# Question about knowing the temperant in a puppy



## WascoGSD (Nov 6, 2011)

Hello everyone, yesterday I went to look at some puppys that were about a month old and I noticed a few things. There were 3 puppys. One was crying/barking at me. Another was just laying down and quiet. And the last was interested in me and started licking me. I was just wondering if it is possible to determine their temperants right now? Is it too much of a stretch? Thanks for your time. Also, if their temperant can be determined now, which puppy would be the keeper?


----------



## GSDkid (Apr 19, 2011)

I would think that their personalities would change over time with each new experience in life. I can't really say because when you visit the puppies, you don't really know them. All you have to judge by is your first encounter. On the other hand, if you were the breeder, you'd know their temperaments because you've taken care of them since they were born.

When I got my girl, we spent maybe... an hour with the 2 pups that were left. One was very clingy to her mother and the other was very adventurous. We got the adventurous one, Abby. 15 months later, she's still very much adventurous. Very confident and loves to see new things. That's probably the only trait that stood out the most when we got her.


----------



## Lucy Dog (Aug 10, 2008)

I believe this is around the time temperaments start coming out in puppies, but the breeder should be the one making the final choice. They should know their puppies better someone just meeting them for a half hour. By 8 weeks, your breeder should definitely have a good idea of who should go where. 
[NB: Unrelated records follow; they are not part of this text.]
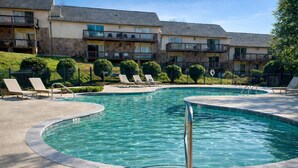Una piscina con sillones de descanso y un edificio de piedra al fondo.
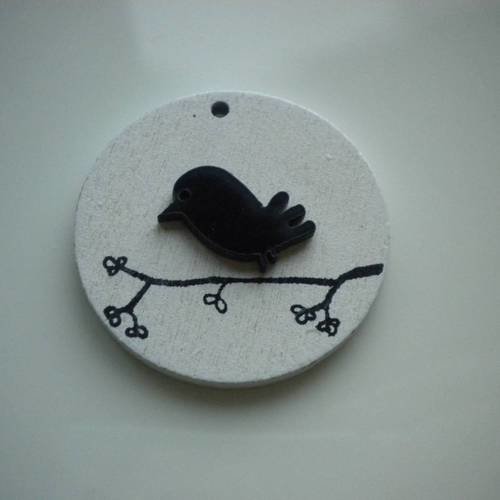 Pendentif rond en bois oiseau en noir et blanc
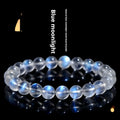 Natural cream coloured Blue Moonlight crystal bracelet on a wrist, showing minimalist unisex design.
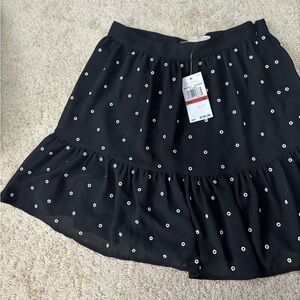 Michael Kors black white metal grommets zipper ruffle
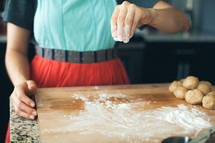 a woman in the kitchen baking cookies 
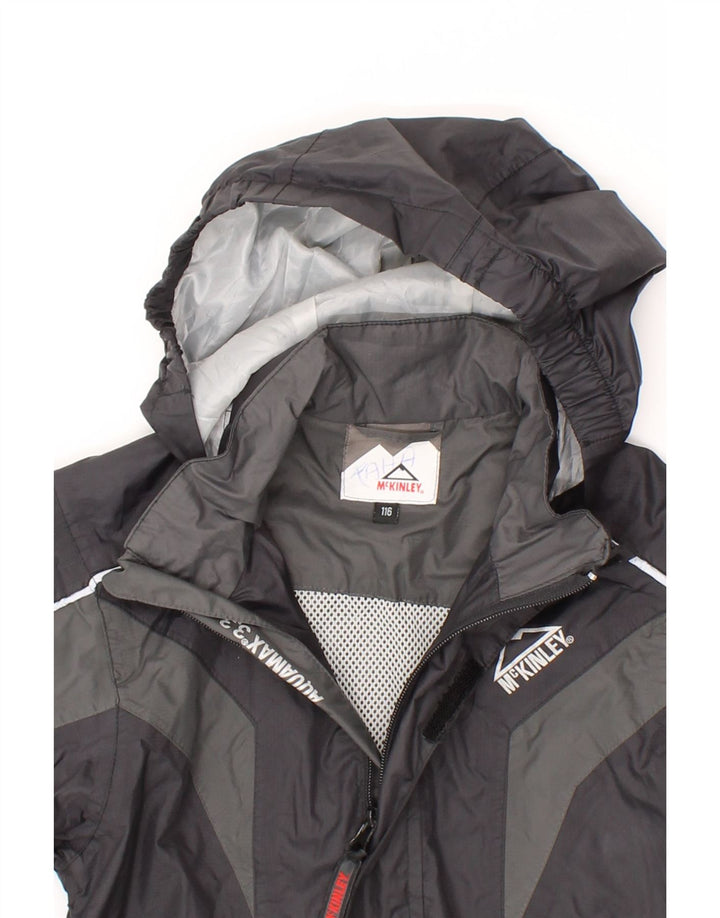 MCKINLEY Boys Hooded Rain Jacket 5-6 Years Black Colourblock Polyamide Vintage McKinley and Second-Hand McKinley from Messina Hembry 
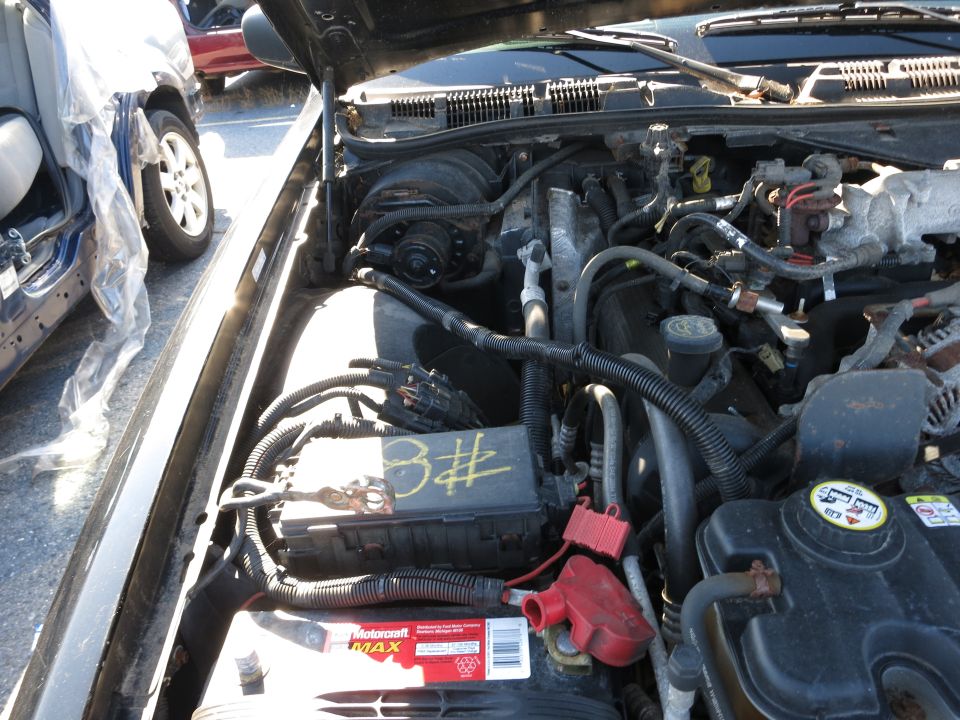 Engine bay with battery, fuse box labeled 'B#', and various hoses and wiring. Another vehicle is partially visible to the left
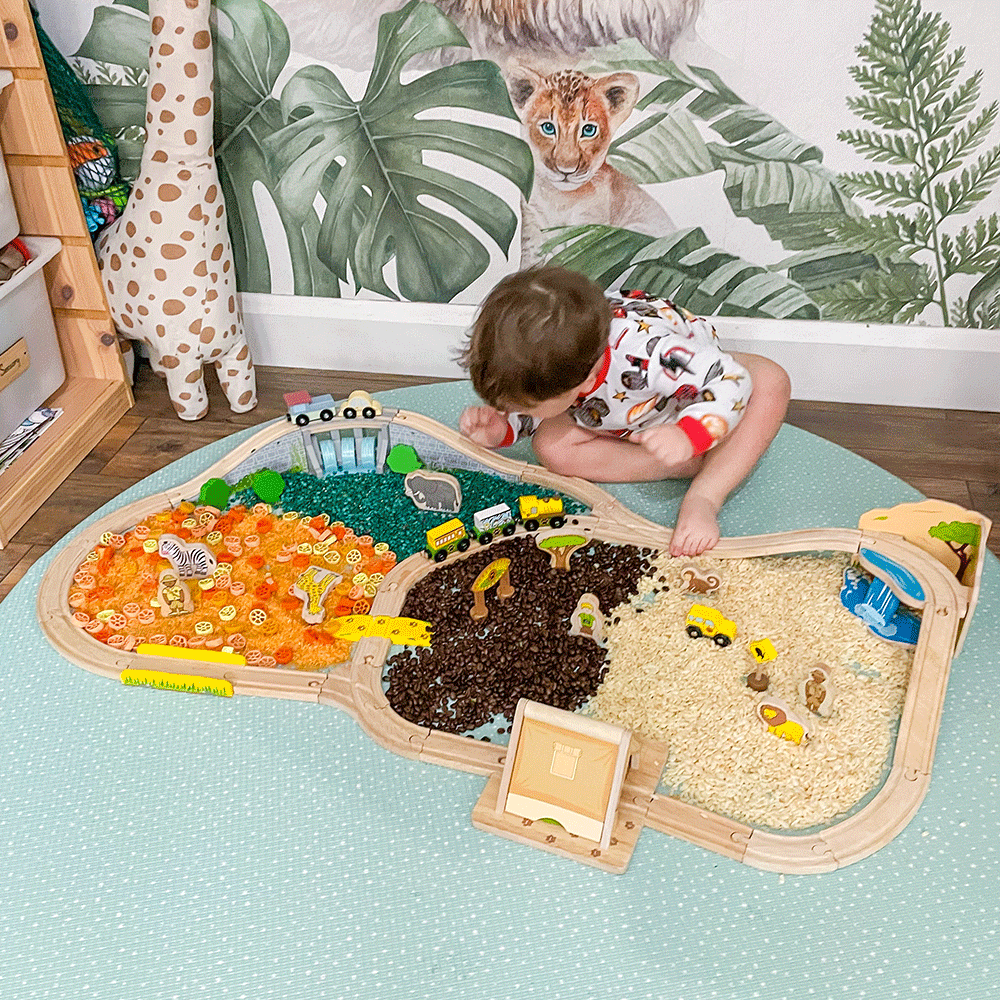Toddler playing with Safari wooden train set and animal figures on a play mat with colorful sensory fillers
Did you tell your breeder what type of temperament and personality you were looking for?


----------



## WascoGSD (Nov 6, 2011)

No I haven't. I will be though. Thanks for reminding me lol.


----------



## lhczth (Apr 5, 2000)

4 weeks is far too early to determine the temperament of a puppy. Their personalities do start to show at this age, but it would not be something a person would see based on a one time visit. This is why people should rely on the breeder and their knowledgeable observations of the pups and their knowledge of the lines. Of course this is assuming the breeder has this knowledge in the first place.


----------



## qbchottu (Jul 10, 2011)

Is the breeder letting you pick a puppy? Does the breeder do any temperament tests on the puppies? Do you trust the breeder to pick a puppy that is suitable for your lifestyle and goals?


----------